■ Excerpted records
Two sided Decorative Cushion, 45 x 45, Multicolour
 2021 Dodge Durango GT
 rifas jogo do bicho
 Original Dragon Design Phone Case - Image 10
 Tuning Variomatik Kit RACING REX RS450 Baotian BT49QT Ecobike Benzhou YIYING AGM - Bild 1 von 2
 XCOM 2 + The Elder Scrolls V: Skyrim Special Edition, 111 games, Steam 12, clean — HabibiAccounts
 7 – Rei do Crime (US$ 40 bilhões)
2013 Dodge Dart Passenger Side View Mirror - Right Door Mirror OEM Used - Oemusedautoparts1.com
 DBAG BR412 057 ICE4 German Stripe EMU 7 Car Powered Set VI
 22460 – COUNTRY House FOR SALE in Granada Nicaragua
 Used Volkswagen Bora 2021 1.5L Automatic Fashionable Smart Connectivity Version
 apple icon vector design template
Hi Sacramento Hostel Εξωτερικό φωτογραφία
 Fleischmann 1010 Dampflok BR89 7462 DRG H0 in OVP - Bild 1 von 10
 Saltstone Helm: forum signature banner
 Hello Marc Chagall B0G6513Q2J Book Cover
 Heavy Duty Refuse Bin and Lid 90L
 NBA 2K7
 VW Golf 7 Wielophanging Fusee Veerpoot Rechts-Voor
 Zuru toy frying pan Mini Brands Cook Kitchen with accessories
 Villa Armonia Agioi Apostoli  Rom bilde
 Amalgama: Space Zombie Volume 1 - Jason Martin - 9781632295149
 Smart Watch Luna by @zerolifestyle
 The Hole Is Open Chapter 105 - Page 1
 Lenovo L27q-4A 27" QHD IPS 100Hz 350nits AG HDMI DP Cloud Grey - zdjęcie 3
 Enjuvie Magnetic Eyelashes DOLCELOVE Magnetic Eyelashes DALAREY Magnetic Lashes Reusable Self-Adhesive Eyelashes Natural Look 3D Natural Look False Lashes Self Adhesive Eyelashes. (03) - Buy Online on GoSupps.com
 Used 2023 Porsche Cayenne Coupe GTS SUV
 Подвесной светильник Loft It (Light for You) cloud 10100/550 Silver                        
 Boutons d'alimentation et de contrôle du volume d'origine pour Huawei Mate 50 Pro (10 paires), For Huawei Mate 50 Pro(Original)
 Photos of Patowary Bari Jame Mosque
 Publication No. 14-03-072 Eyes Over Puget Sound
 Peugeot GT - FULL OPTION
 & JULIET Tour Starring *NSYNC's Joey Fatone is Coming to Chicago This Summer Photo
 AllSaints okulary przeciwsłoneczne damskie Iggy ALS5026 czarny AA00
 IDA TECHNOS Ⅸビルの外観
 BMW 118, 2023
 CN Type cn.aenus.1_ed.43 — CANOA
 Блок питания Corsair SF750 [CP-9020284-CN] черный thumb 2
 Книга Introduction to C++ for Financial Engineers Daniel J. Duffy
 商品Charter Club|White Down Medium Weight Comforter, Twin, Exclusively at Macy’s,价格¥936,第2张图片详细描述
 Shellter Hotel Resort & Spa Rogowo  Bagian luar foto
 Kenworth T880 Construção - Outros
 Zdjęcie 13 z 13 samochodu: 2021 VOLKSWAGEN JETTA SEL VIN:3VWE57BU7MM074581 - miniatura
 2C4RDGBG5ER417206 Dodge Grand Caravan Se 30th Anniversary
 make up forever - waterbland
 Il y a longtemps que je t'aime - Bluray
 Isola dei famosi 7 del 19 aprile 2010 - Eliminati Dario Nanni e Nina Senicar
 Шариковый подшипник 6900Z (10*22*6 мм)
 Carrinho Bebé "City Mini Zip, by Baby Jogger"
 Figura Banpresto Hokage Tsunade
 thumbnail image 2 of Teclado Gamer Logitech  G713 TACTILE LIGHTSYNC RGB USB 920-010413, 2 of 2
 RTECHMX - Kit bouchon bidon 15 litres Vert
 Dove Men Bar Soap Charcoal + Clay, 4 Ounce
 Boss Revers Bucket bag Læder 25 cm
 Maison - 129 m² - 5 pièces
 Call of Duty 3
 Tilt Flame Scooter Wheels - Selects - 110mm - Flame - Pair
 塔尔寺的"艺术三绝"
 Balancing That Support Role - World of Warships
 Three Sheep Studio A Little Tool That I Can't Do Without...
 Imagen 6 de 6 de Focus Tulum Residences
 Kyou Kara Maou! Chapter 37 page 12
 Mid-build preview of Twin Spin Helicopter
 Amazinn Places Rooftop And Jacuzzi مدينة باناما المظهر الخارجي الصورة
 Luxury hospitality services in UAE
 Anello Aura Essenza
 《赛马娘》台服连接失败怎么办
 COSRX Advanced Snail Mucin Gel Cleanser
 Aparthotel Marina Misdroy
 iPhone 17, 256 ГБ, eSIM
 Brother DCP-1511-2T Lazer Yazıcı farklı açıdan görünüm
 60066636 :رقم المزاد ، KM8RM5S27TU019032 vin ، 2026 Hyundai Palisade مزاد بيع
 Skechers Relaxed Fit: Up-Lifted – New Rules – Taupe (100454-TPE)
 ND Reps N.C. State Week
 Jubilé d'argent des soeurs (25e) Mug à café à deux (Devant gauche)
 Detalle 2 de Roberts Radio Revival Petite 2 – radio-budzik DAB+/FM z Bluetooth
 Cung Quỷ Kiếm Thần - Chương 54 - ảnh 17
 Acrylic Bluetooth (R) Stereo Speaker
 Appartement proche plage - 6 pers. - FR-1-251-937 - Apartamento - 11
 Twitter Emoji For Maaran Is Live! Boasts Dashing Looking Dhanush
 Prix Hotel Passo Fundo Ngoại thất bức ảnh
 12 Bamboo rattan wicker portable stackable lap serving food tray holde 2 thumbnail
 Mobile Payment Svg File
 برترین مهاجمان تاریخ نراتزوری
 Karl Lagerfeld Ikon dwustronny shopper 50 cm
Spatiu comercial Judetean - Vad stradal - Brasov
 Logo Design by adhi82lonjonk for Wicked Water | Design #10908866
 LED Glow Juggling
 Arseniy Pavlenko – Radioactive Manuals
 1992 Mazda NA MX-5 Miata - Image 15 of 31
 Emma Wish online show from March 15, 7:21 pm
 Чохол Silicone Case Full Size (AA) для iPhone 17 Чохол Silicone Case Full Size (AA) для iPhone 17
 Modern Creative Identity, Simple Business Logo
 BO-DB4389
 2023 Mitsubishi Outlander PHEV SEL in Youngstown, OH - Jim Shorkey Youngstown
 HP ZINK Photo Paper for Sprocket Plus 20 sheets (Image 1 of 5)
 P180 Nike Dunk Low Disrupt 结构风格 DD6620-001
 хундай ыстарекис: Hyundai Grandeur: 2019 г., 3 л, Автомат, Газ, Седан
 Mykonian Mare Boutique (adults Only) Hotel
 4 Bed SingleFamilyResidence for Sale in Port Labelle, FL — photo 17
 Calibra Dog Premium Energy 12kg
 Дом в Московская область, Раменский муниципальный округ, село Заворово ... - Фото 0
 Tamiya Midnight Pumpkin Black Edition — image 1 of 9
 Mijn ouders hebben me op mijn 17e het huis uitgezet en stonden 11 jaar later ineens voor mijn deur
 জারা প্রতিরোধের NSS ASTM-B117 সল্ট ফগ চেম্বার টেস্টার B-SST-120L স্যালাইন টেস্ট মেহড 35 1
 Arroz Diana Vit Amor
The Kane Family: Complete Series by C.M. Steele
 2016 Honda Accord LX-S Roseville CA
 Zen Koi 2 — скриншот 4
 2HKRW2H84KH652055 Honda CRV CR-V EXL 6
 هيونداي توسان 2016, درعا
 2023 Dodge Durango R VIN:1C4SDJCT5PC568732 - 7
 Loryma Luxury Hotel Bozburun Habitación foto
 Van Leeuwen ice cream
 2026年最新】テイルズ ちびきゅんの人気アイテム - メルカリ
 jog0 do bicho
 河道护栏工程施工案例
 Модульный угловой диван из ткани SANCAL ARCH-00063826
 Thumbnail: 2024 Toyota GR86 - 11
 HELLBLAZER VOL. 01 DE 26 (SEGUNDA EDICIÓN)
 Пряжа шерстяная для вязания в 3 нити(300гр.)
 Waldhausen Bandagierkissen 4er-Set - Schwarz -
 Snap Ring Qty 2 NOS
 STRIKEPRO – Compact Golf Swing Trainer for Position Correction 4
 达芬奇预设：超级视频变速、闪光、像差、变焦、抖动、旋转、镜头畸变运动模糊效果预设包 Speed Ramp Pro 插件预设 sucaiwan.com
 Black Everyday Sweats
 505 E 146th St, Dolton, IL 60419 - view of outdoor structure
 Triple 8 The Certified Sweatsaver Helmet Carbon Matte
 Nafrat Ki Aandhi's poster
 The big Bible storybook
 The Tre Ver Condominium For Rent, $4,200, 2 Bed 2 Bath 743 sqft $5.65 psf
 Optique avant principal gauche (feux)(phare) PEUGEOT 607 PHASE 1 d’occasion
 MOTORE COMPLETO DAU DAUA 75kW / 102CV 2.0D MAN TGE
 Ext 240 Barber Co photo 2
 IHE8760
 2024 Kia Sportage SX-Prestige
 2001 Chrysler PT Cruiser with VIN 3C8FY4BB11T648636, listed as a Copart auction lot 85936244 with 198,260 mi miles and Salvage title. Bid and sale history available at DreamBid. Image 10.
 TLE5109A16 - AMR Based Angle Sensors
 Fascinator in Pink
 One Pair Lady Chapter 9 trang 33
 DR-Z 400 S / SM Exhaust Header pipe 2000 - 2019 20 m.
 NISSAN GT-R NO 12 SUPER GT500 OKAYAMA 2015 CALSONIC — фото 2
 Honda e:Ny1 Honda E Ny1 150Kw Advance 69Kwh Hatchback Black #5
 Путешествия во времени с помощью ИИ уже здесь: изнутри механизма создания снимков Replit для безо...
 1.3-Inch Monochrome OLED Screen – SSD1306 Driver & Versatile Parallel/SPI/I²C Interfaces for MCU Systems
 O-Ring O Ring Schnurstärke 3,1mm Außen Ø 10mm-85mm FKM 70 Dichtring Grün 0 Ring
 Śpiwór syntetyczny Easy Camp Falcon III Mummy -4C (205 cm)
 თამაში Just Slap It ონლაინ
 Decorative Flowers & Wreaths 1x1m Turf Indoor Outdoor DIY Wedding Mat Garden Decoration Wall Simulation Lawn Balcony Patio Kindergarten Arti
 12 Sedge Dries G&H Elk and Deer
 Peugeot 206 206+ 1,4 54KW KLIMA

■ Required action
Within the data above, pick out all lines holding the word "Durango".

■ Expected answer
 2021 Dodge Durango GT
 2023 Dodge Durango R VIN:1C4SDJCT5PC568732 - 7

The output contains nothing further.